Last time in Quarks of the Heart, after a fight with Meg’s best friend Liz Flask, Meg Atomic finally asked Keith whether he was going to continue being the Malevolent Med-Student or not. Before we find out how he replied, let’s catch up with everyone’s favorite henchwoman!
Candystriper was bored. She had been standing for ten minutes in the same line and it hadn’t moved. Most people would pass the time by making conversation with the people around them, or failing that, pulling out their phones and scrolling for updates on their various social media accounts. Candystriper wasn’t most people. She was a henchwoman, she was unemployed, and she was not happy about this situation at all. Since she didn’t feel like talking to people, and she didn’t have socials for obvious reasons, she decided to play the kazoo.
Happily for the innocent civilians in line, she elected not to deploy her infamous Death Kazoos and instead reached for the practice kazoos she played when she wasn’t looking to inflict musical injury.

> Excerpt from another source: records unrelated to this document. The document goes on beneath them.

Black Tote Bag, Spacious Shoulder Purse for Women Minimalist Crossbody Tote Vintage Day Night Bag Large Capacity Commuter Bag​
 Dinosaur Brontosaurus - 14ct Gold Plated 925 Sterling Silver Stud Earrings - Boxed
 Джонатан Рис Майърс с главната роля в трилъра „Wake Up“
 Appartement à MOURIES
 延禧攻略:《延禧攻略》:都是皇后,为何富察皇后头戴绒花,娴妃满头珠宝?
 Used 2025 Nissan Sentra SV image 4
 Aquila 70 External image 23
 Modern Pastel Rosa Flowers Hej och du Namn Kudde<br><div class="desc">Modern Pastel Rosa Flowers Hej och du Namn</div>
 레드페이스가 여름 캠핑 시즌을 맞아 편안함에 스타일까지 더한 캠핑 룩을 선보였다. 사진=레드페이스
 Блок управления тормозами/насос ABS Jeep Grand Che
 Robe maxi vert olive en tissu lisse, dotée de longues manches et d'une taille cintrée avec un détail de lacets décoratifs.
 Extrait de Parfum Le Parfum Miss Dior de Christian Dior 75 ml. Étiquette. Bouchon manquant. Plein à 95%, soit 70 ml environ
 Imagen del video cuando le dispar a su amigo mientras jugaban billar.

After a few songs during which the people in front of her decided they would rather be somewhere else, Candystriper finally arrived at the counter of the state unemployment office.
“Hi,” she said to the person behind the counter, “So here’s the thing, I lost my first job, totally wasn’t my fault, my boss like fired me which is so weird because I really thought we were working well together and we had so many great plans like the Anti-Flange Blaster and the Soul-Sucking Scope-O-Sadness not to mention Project Sugar Plum but anyway he goes and just fires me like that and I don’t know what’s going on and he tells me to call up this Fodgel guy like I should know who that is and anyway I figure I should probably go get money from you guys because I can do that right so here I am!”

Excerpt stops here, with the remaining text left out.